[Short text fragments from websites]
____________

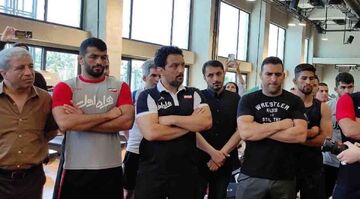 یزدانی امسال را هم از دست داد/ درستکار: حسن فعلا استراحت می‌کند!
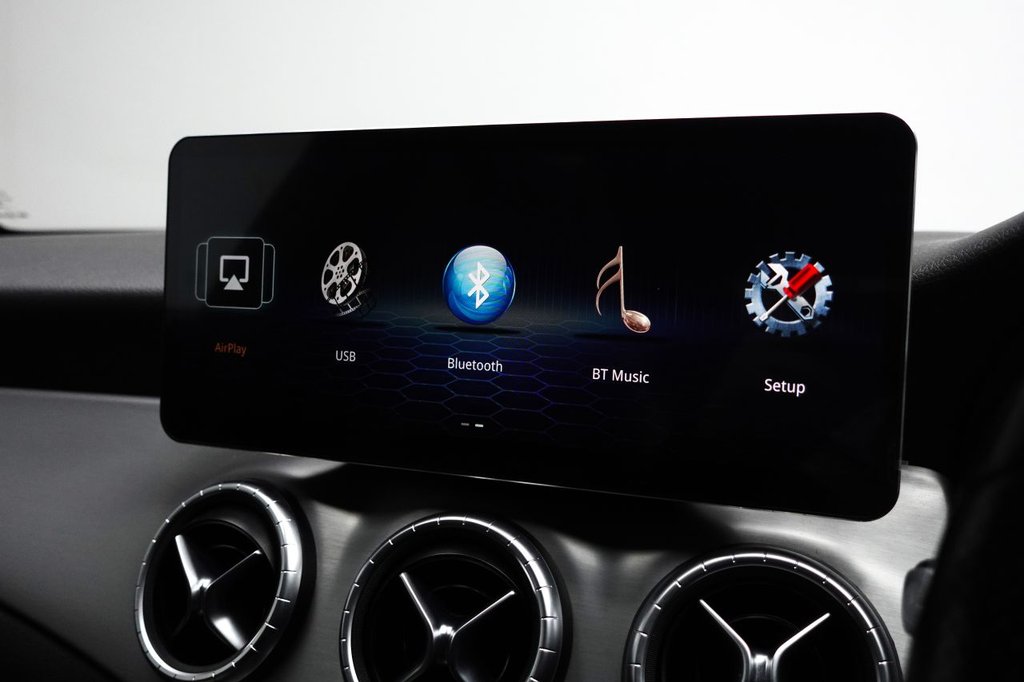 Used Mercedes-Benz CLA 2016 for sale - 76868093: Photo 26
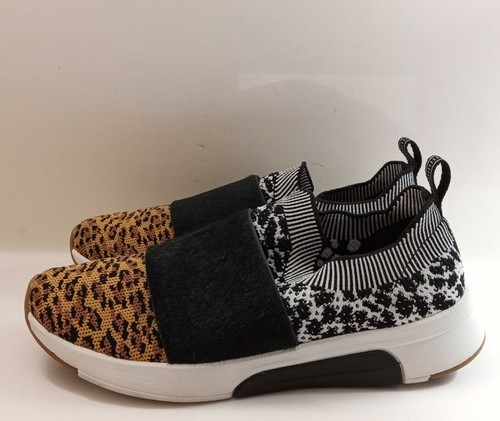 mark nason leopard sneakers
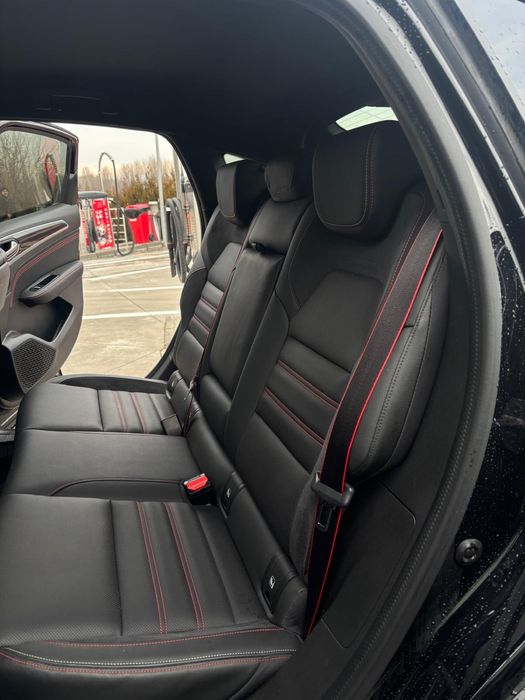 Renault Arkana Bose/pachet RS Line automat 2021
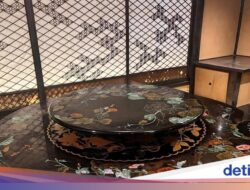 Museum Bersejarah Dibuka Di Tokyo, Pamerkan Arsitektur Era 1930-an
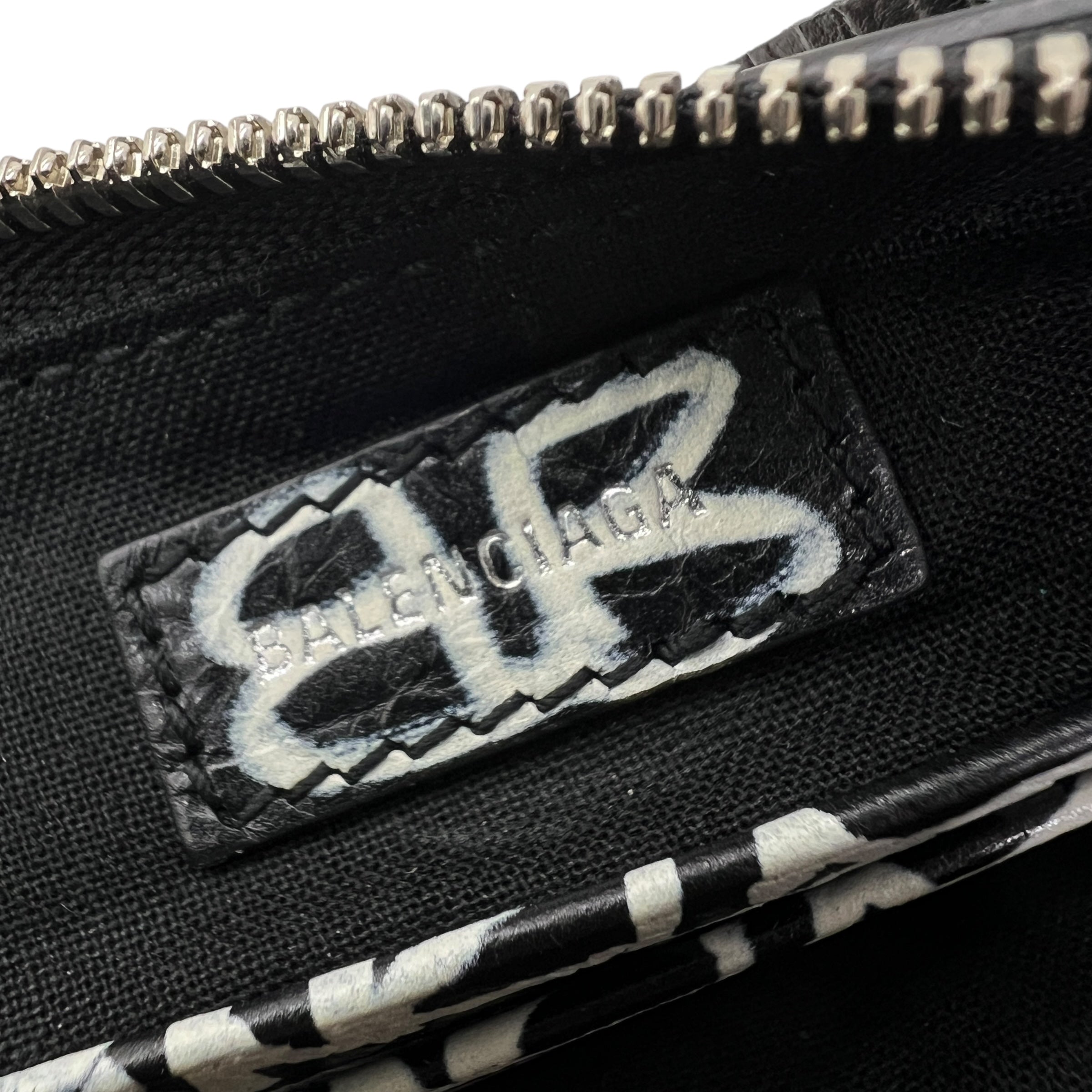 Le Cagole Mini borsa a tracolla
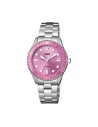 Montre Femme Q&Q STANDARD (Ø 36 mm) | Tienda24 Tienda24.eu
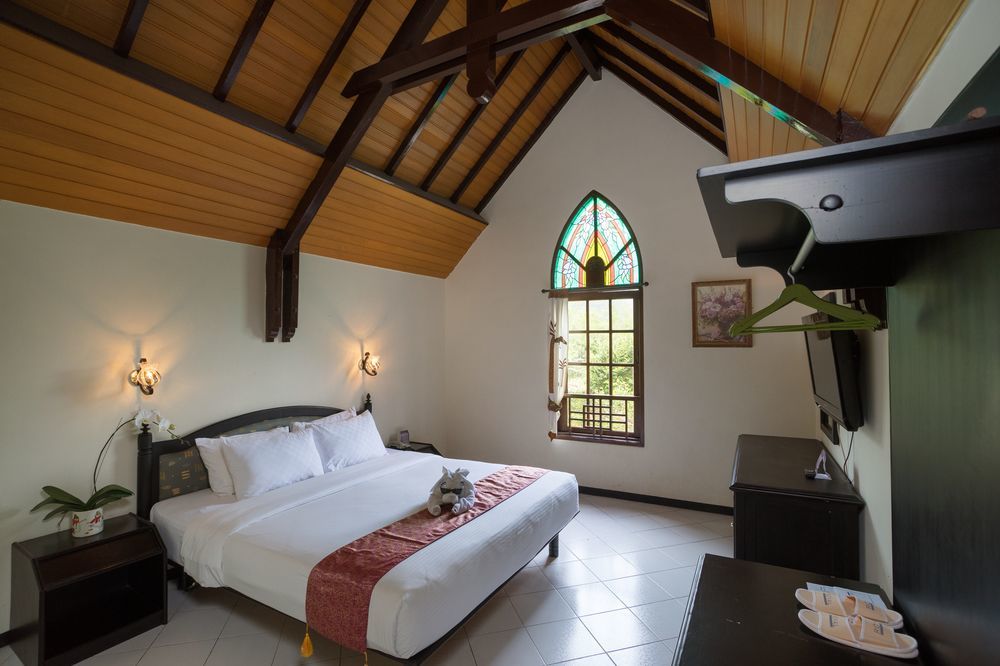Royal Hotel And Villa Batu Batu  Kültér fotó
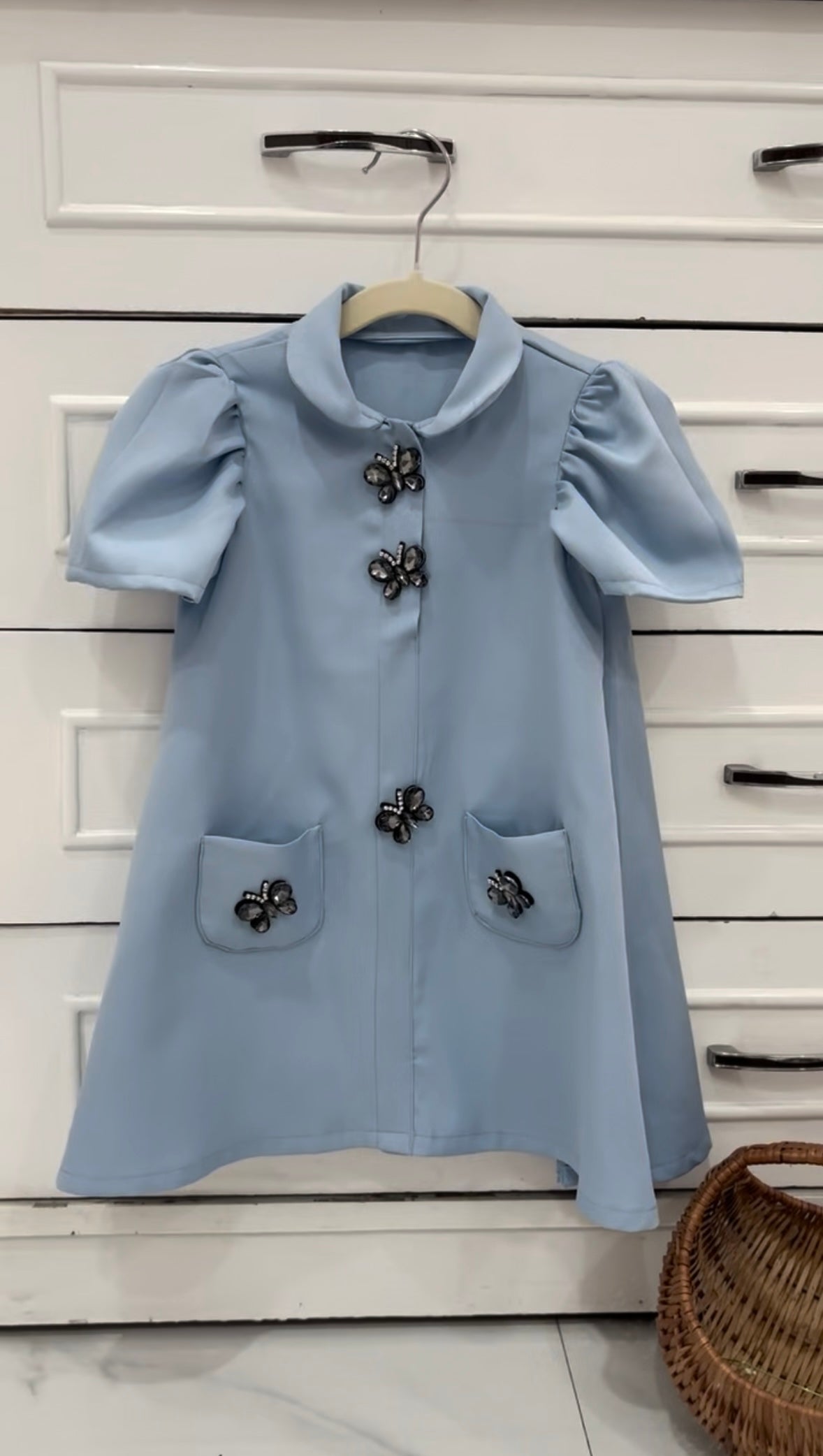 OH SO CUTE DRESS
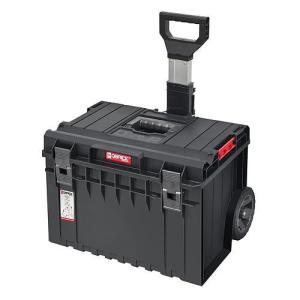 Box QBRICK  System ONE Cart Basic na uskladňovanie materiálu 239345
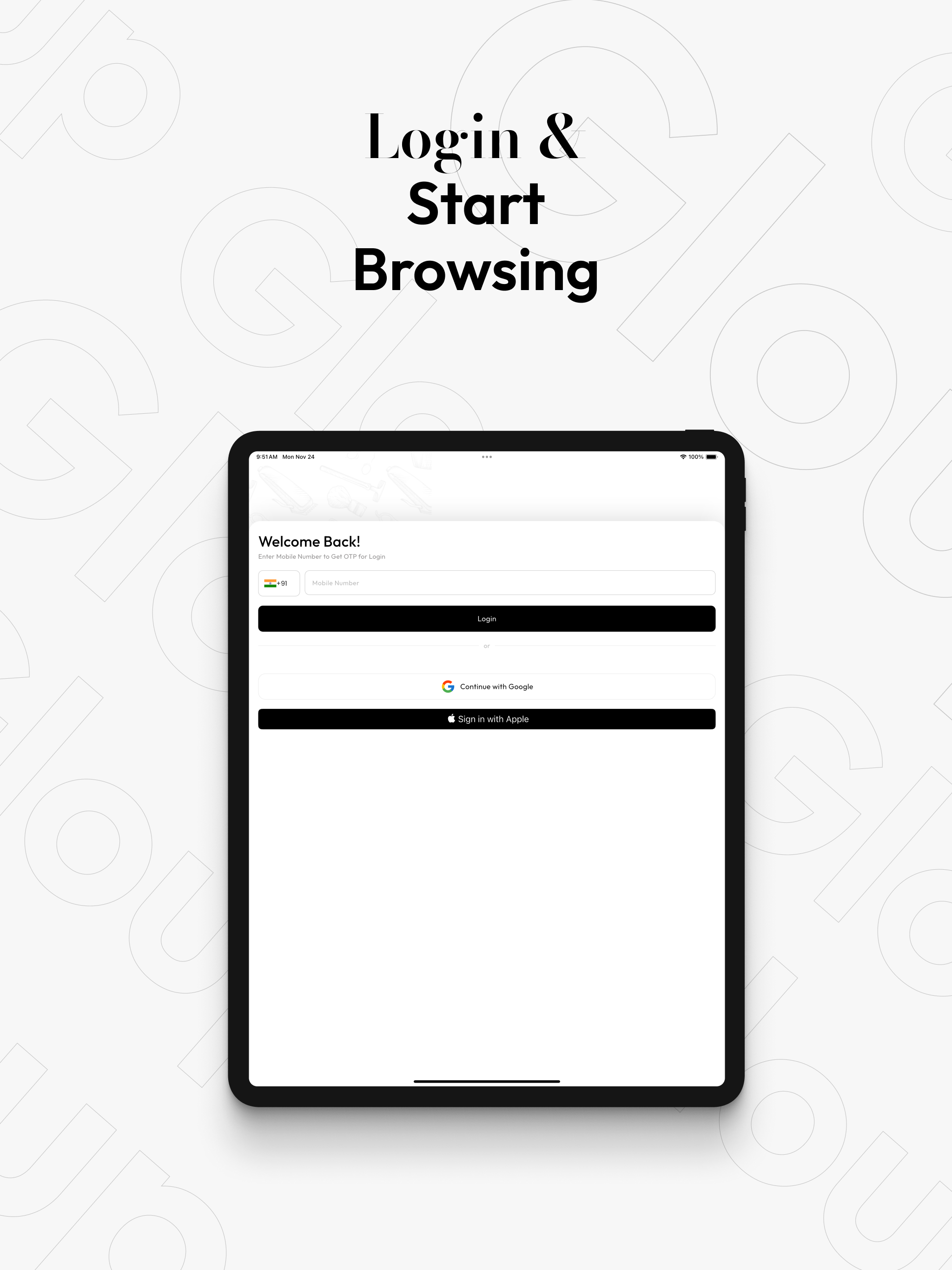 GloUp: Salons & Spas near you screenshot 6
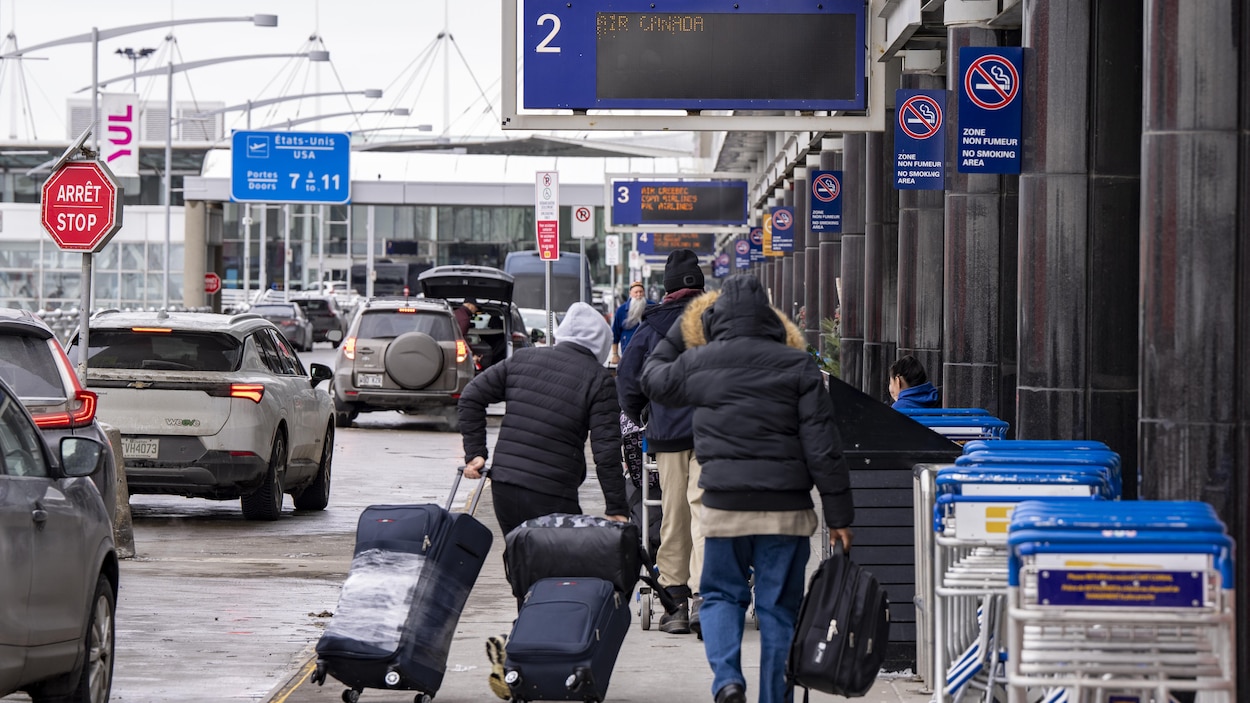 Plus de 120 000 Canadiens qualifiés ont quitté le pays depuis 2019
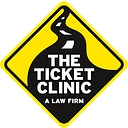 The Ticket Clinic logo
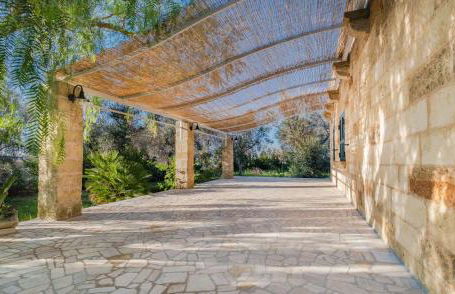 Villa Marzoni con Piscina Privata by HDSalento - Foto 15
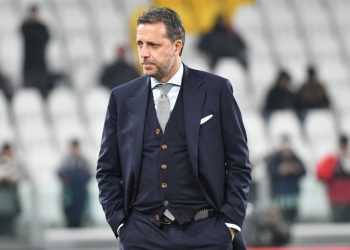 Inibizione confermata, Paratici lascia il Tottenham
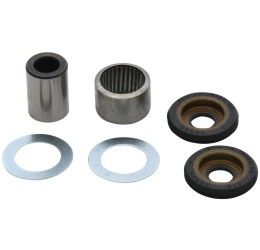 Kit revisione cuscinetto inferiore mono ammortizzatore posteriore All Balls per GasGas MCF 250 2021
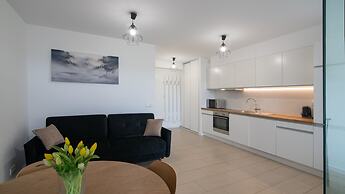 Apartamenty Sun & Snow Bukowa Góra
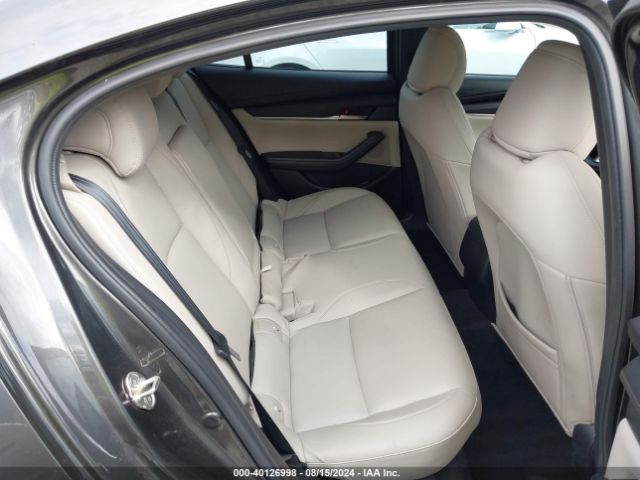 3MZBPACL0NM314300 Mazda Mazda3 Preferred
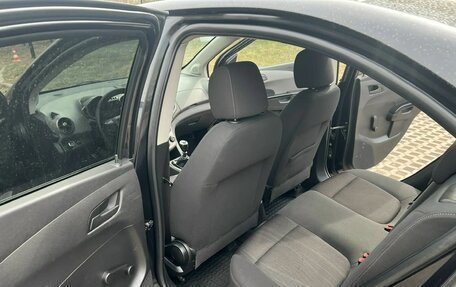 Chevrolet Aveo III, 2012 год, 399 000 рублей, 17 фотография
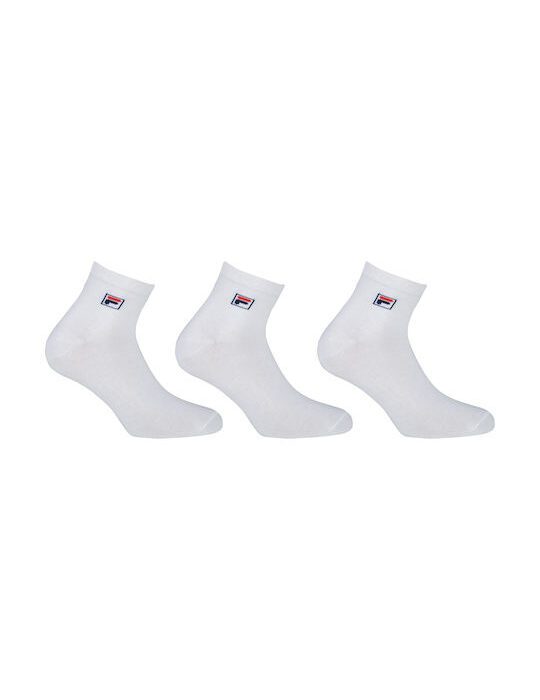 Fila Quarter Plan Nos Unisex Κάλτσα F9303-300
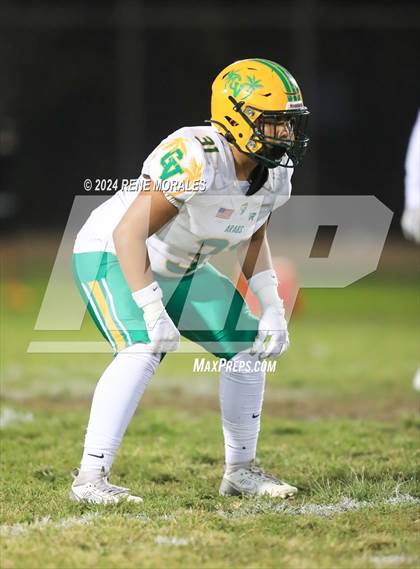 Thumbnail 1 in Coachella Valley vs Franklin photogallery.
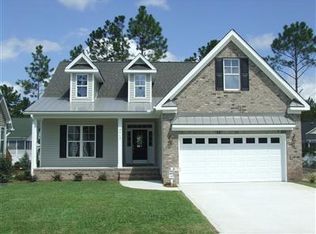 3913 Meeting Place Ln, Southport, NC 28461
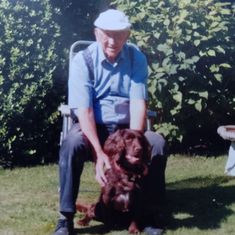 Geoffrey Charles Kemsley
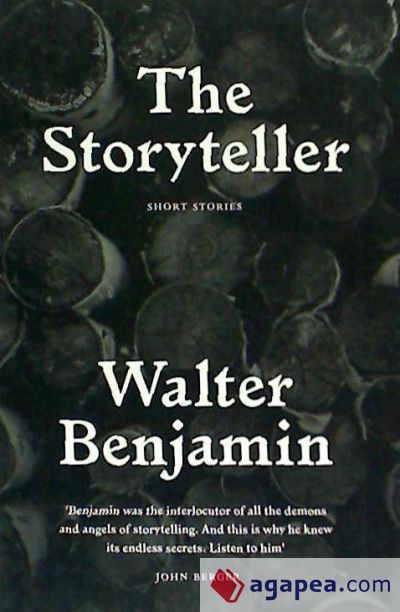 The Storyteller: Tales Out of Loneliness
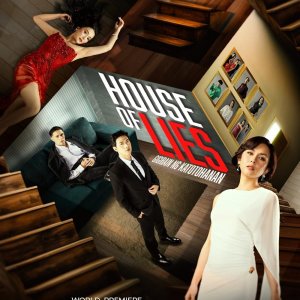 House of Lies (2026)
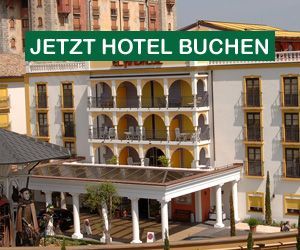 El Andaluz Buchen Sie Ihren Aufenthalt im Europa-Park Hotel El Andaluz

____________

Would you restate the records above word for word and exclude the pictures?

 یزدانی امسال را هم از دست داد/ درستکار: حسن فعلا استراحت می‌کند!
 Used Mercedes-Benz CLA 2016 for sale - 76868093: Photo 26
 mark nason leopard sneakers
 Renault Arkana Bose/pachet RS Line automat 2021
 Museum Bersejarah Dibuka Di Tokyo, Pamerkan Arsitektur Era 1930-an
 Le Cagole Mini borsa a tracolla
 Montre Femme Q&Q STANDARD (Ø 36 mm) | Tienda24 Tienda24.eu
Royal Hotel And Villa Batu Batu  Kültér fotó
 OH SO CUTE DRESS
 Box QBRICK  System ONE Cart Basic na uskladňovanie materiálu 239345
 GloUp: Salons & Spas near you screenshot 6
 Plus de 120 000 Canadiens qualifiés ont quitté le pays depuis 2019
 The Ticket Clinic logo
 Villa Marzoni con Piscina Privata by HDSalento - Foto 15
 Inibizione confermata, Paratici lascia il Tottenham
 Kit revisione cuscinetto inferiore mono ammortizzatore posteriore All Balls per GasGas MCF 250 2021
 Apartamenty Sun & Snow Bukowa Góra
 3MZBPACL0NM314300 Mazda Mazda3 Preferred
 Chevrolet Aveo III, 2012 год, 399 000 рублей, 17 фотография
 Fila Quarter Plan Nos Unisex Κάλτσα F9303-300
 Thumbnail 1 in Coachella Valley vs Franklin photogallery.
 3913 Meeting Place Ln, Southport, NC 28461
 Geoffrey Charles Kemsley
 The Storyteller: Tales Out of Loneliness
 House of Lies (2026)
 El Andaluz Buchen Sie Ihren Aufenthalt im Europa-Park Hotel El Andaluz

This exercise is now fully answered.